Mobile internet services in the Kashmir valley was again snapped on Monday as a precautionary measure as separatist groups called for a protest on the death anniversary of Jammu Kashmir Liberation Front founder Maqbool Bhat. Authorities had on Sunday also snapped the services as a precautionary measure to prevent any law and order disturbance on the seventh death anniversary of Afzal Guru.
Restrictions have been put on communication links since August 5. These were subsequently eased. The Internet is functional at a few places through leased lines. Mobile internet facility has been made functional but with a speed of 2G with special instructions that it would not be used to access social media sites.
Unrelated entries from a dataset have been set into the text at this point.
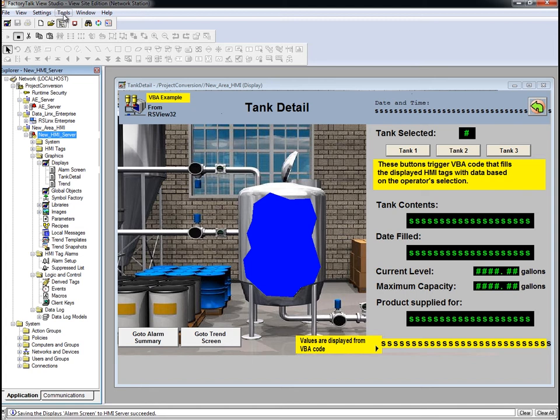The FactoryTalk View SE client is what lets the user view and interact at runtime with the FactoryTalk View SE application. The client configuration defines the runtime client and includes information such as the name of the FactoryTalk View SE application the client is connecting to and the components that will be started when the connection is made.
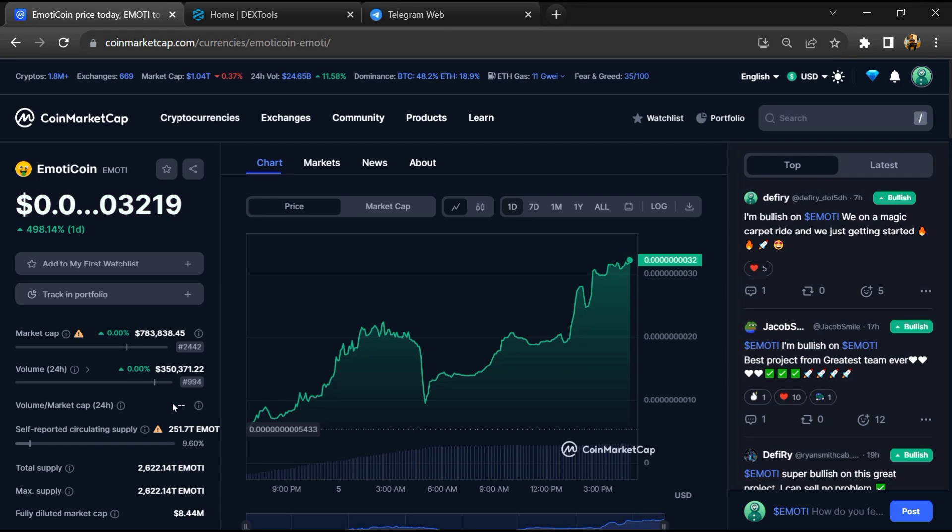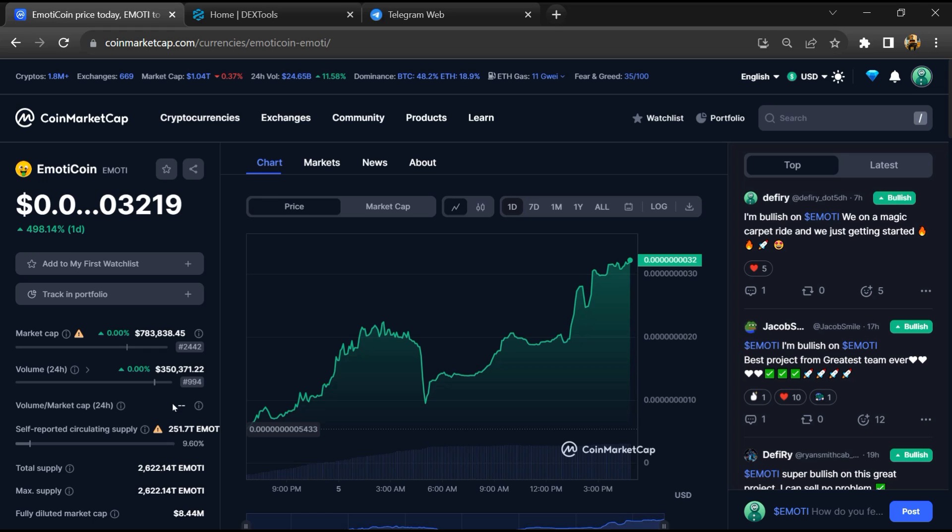Hello guys, today I am going to tell you about whether EmotiCoin is legit or a scam. Now before starting the video, let me share my legal disclaimer: none of the information given in this video should be taken as financial advice. Please make your investment according to your own research.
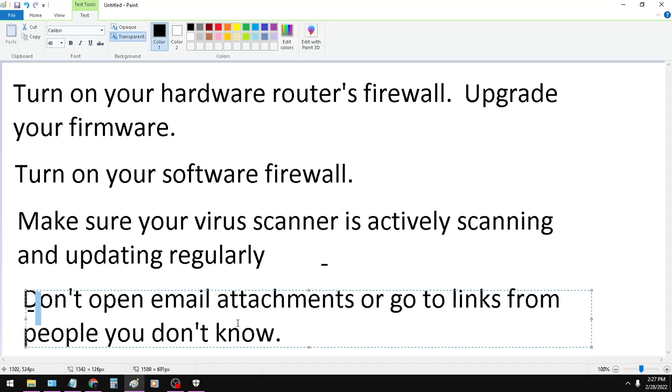If you don't take anything else away from this, please don't open up attachments or links from people you don't know. It's extremely dangerous.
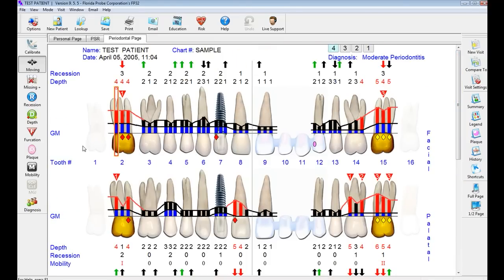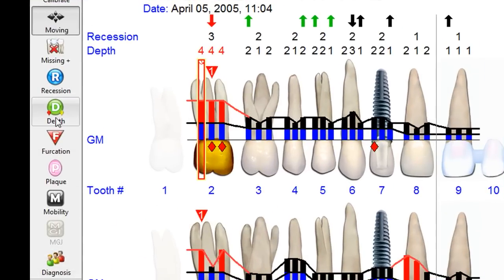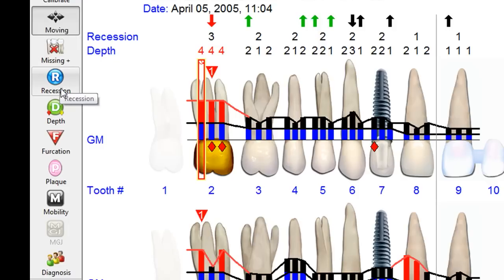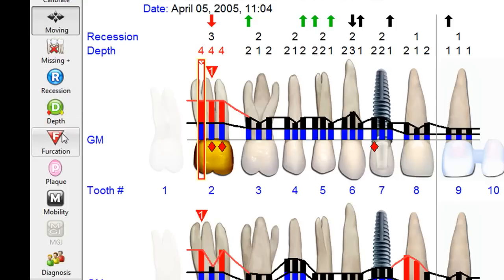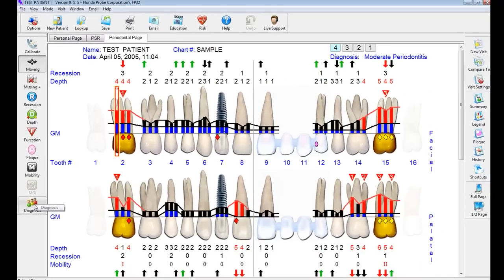On the left-hand side of the screen are all of the things we can use to enter data with. We can mark missing teeth. Recession can be either positive or negative from the CEJ. We can chart pocket depth, bleeding, and pus, furcation, plaque, tooth mobility, mucogingival junctions, and set a diagnosis.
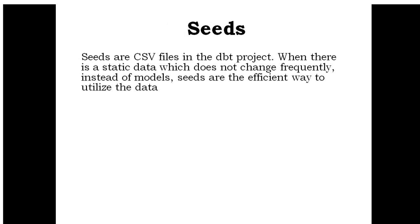Seeds are CSV files in the dbt project. When there is static data which does not change frequently, instead of models, seeds are the efficient way to utilize the data.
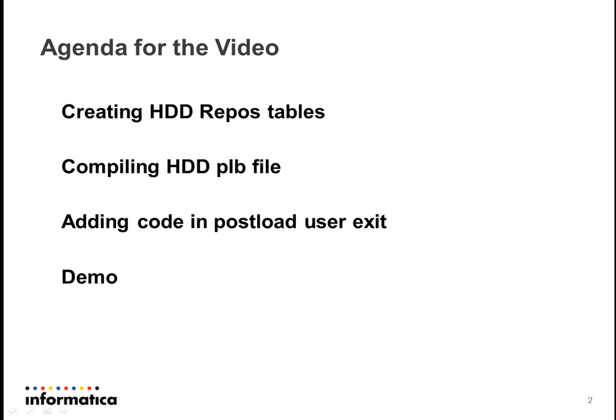So this is the agenda for the video: creating HDD repos tables, compiling HDD PLB file, adding code, that is HDD code in postload user exit and post stage user exit. Then we can see the demo.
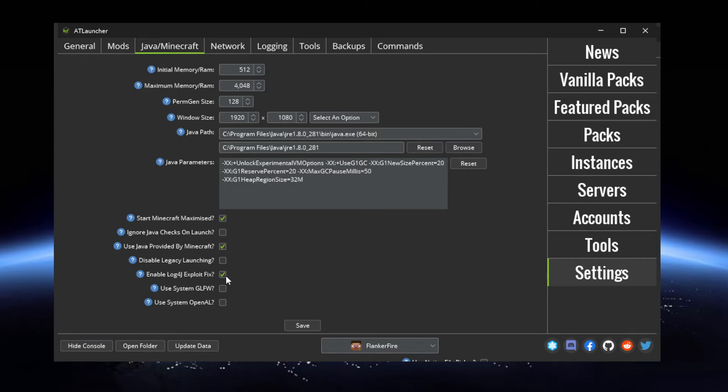So super, super easy within the AT Launcher. If you have any questions, please leave a comment down in the comments below and I'll get back to you as soon as I can. Thanks!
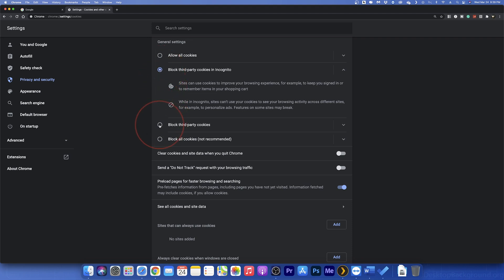After that, you have the options to block third-party cookies in all tabs, private or not, and finally the option to block all cookies no matter what.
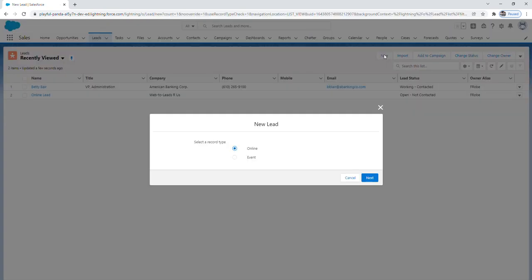From here in this org, I actually have it set up where there's record types which I don't want to confuse anyone. That'll be explained in later videos. For now I'm just going to click next on online.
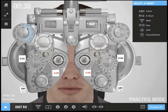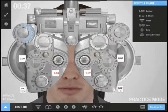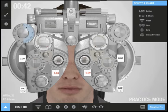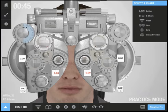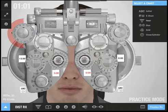This is the aperture wheel. I can turn it by clicking on either side of this. Here I can adjust the spherical power in large steps.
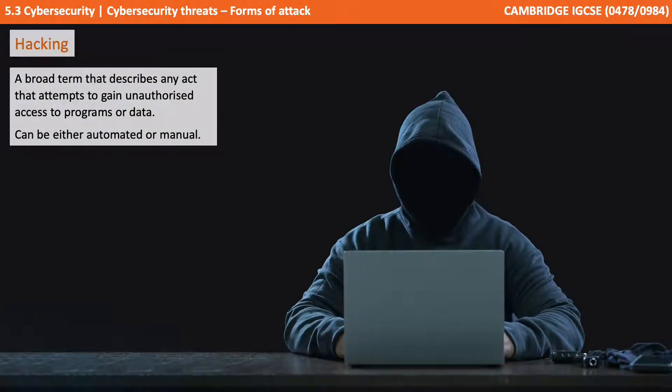Hacking is a broad term which describes any act which attempts to gain unauthorized access to programs or data. It can be either automated or manual.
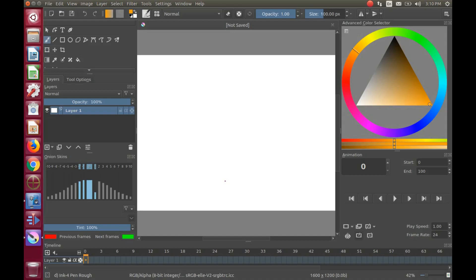Once you have opened Krita, go to File and click New. Then click Create.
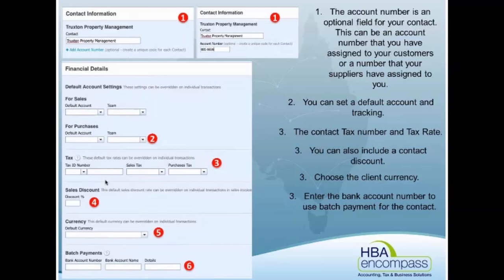For currency, for most it will be Australian. You can also put their bank account details in there if you're going to use the ABA file for batch payment of invoices.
The Kashmir Press Club on Monday said security agencies were resorting to threats and intimidation of journalists working in the valley. The press club held a meeting on Monday where the member associations expressed concern that ever since Article 370 was repealed, the government was not enabling journalists and media to operate freely from the valley.
"This is evident from the prolonged six-month internet shutdown in the region since August 5. As if that was not enough, physical attacks, threats and summons to journalists are being employed by security agencies to intimidate journalists," the Kashmir Press Club (KPC) said in a statement after the meeting. It said harassment of journalists by police's counter-insurgency centre in Srinagar has become a "routine exercise"."The harassment and questioning of journalists in Kashmir on flimsy grounds by the J&K Police for their work is in fact a damning verdict on the appalling condition in which the media is operating," it added.
The press club said restrictions on internet and forcibly seeking undertakings from news organisations for allowing limited internet access, constant surveillance by police and physical attacks and summons-- are the tools designed and aimed to ensure only government-promoted version is heard outside.